▶ WORK TO BE COMPLETED
With the pictures left out, write out exactly the lines of the listing below that run from the line with "Festive baked duck" through the line with "un edificio iluminado".

▶ MATERIAL FOR THIS TASK
=== Begin Enclosure ===
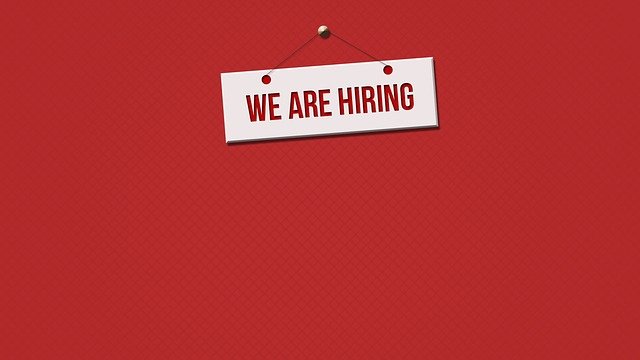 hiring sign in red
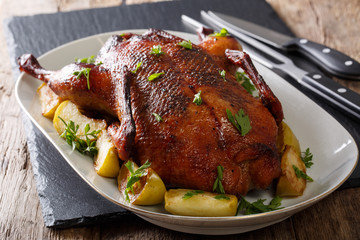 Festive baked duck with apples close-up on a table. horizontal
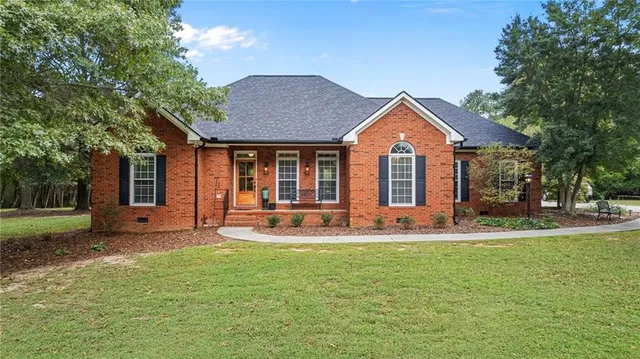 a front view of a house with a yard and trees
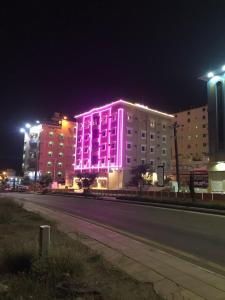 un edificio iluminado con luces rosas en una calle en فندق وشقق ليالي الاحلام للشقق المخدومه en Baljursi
=== End Enclosure ===
=== Begin Enclosure ===
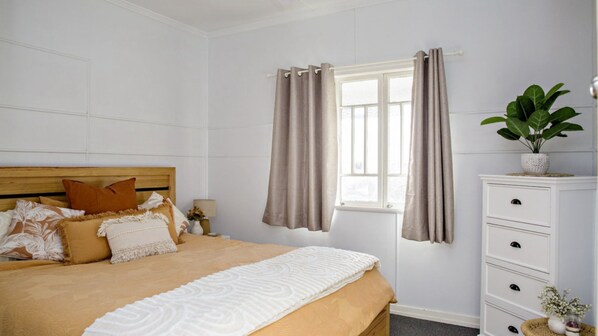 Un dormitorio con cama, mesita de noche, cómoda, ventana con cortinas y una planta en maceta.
=== End Enclosure ===
=== Begin Enclosure ===
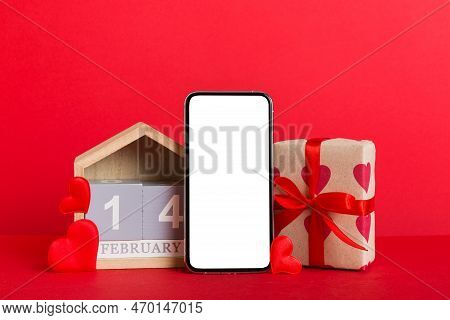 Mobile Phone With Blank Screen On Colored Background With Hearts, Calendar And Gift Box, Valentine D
=== End Enclosure ===
▶ OUTPUT FOR THIS TASK
 Festive baked duck with apples close-up on a table. horizontal
 a front view of a house with a yard and trees
 un edificio iluminado con luces rosas en una calle en فندق وشقق ليالي الاحلام للشقق المخدومه en Baljursi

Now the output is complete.